Psion
Adventurer
Izerath said:Sometimes as a story element, I will dangle a BBEG who is WAY higher a CR than the group should encounter, just to build up some tension to the story elements. In these situations I want some level of verisimilitude to realism, meaning, the BBEG SHOULD WIN if he pulls out all the stops. The PCs SHOULD RUN AWAY. I intentionally pull the NPC punches for the betterment of the story LATER when the PCs are ready for the showdown of the century.
As I have been discussing in a thread over on RPGnet, it's the NATURE of RPGs that you can't expect to explicitly plan every event. In fact, it's probably the thing that it has over literature... things can happened that weren't planned, weren't obviously designed to have a certain impact. So long as you still continue to manage your game as if it were a story, it seems to me that you are going to run into trouble.
To me, this vantage point strikes me as very similar to people complaining about instant death traps, and I find it pointless for the same reason. If someone dies due to an instant death trap, you are faced with the fact that if you didn't want it to happen, you should have not created the possibility for it by putting it in your adventure.

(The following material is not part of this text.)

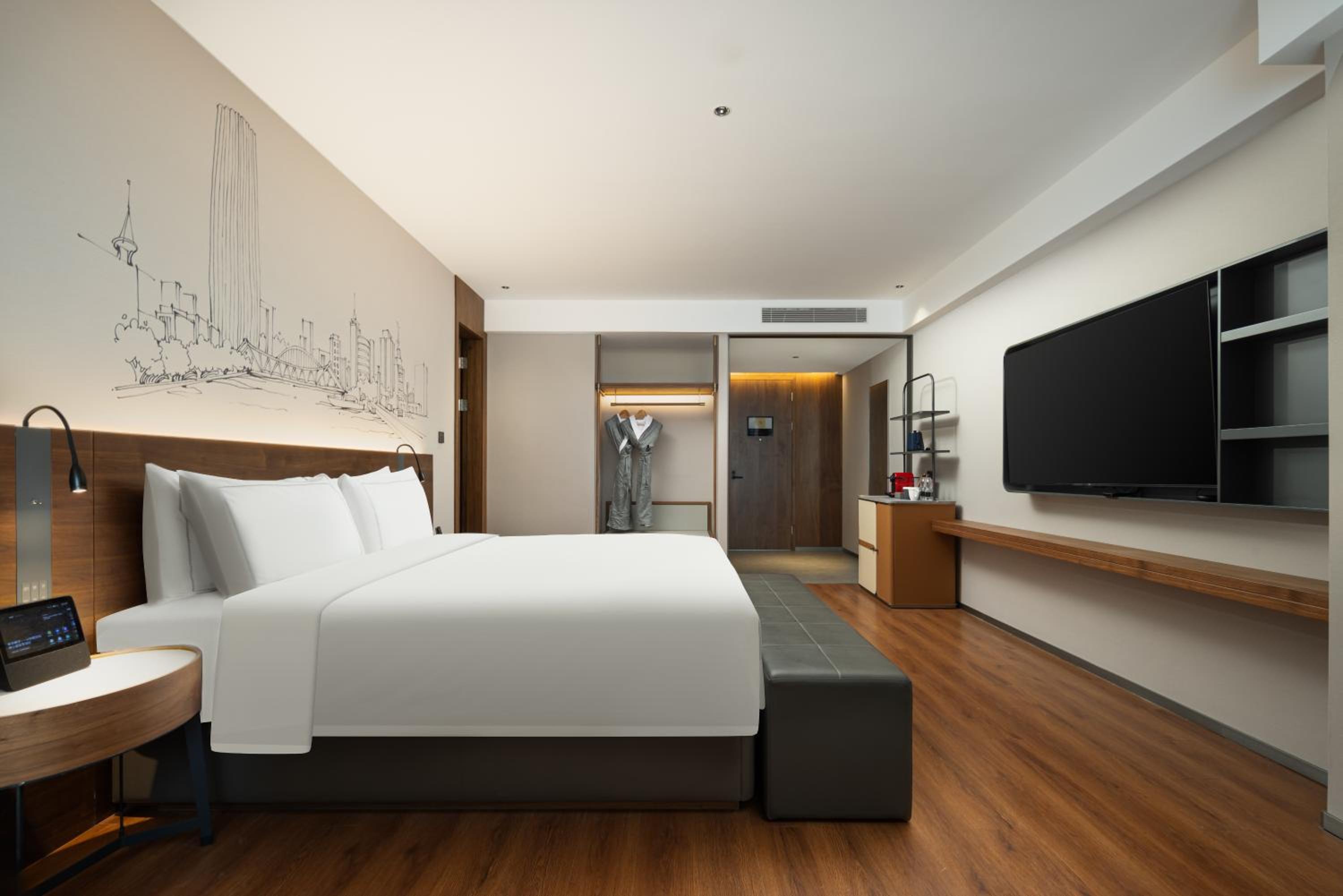 Deluxe Queen Room photo 2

Same goes in your situation. They players don't understand that they aren't meant to fight the BBEG. They just understand where he is and are operating by the rules to take him down. You created the possibility, you should be willing to deal with the consequences of it.
Edit: Of course, capping PC damage is one way to deal with controlling expected outcomes, but if you are running brushes that are intended to be that close that one feat makes the difference, I sort of think you were courting dissapointment in the first place.